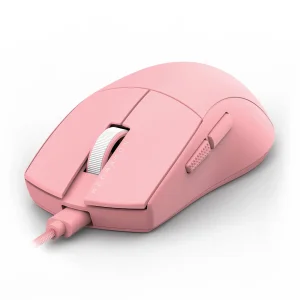 موس گیمینگ ردراگون مدل Redragon M724P K1NG 1K / صورتی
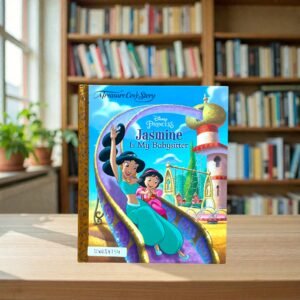 Jasmine Is My Babysitter_Disney_KWB84754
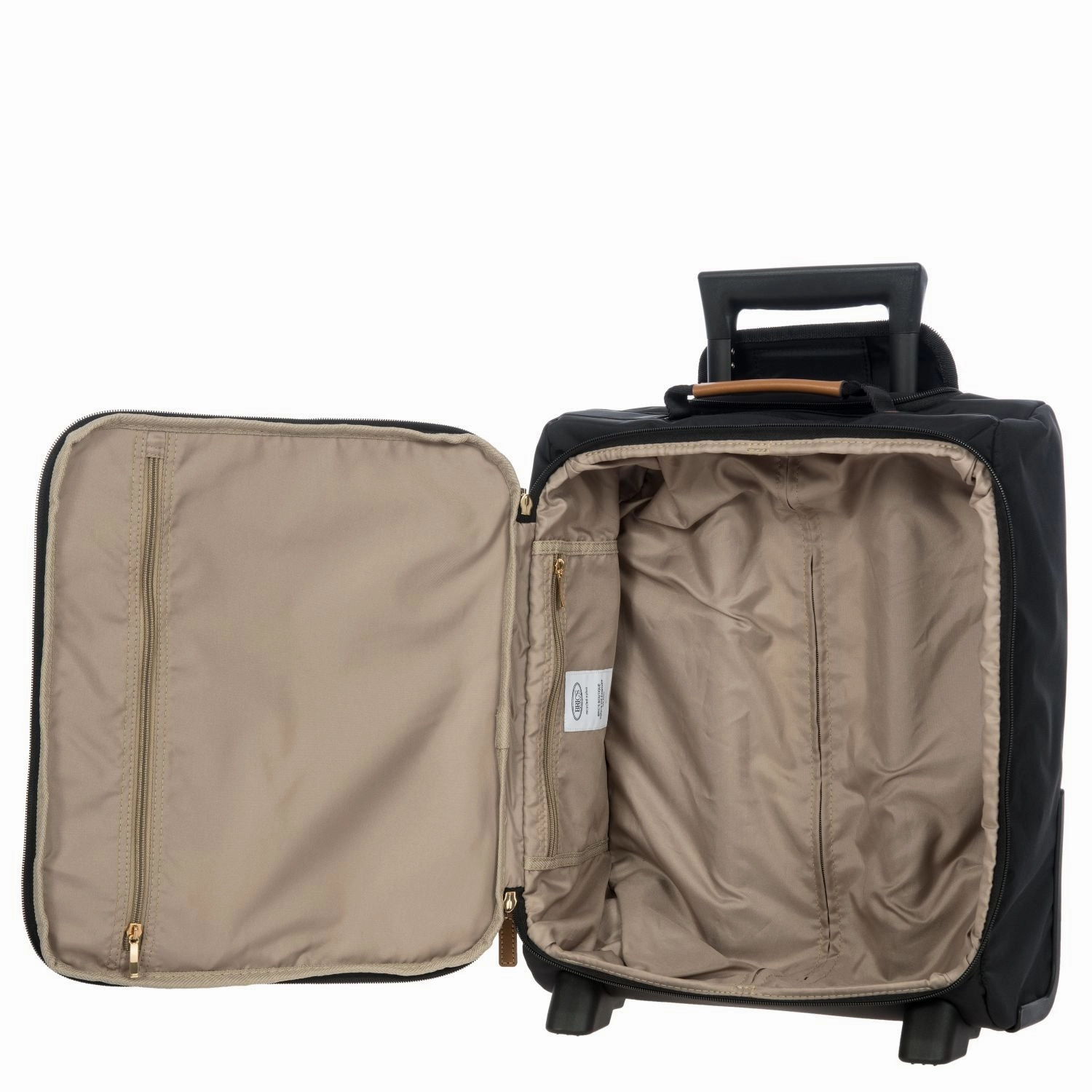 Last Chance Steal MustHave Clearance Bric'S X-Travel 17.5" Underseat Trolley Luggage With Front Access Opening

== == ==

Problem to solve ▸
The answer is the whole listing retyped exactly, with pictures omitted.

Response ▸
 موس گیمینگ ردراگون مدل Redragon M724P K1NG 1K / صورتی
 Jasmine Is My Babysitter_Disney_KWB84754
 Last Chance Steal MustHave Clearance Bric'S X-Travel 17.5" Underseat Trolley Luggage With Front Access Opening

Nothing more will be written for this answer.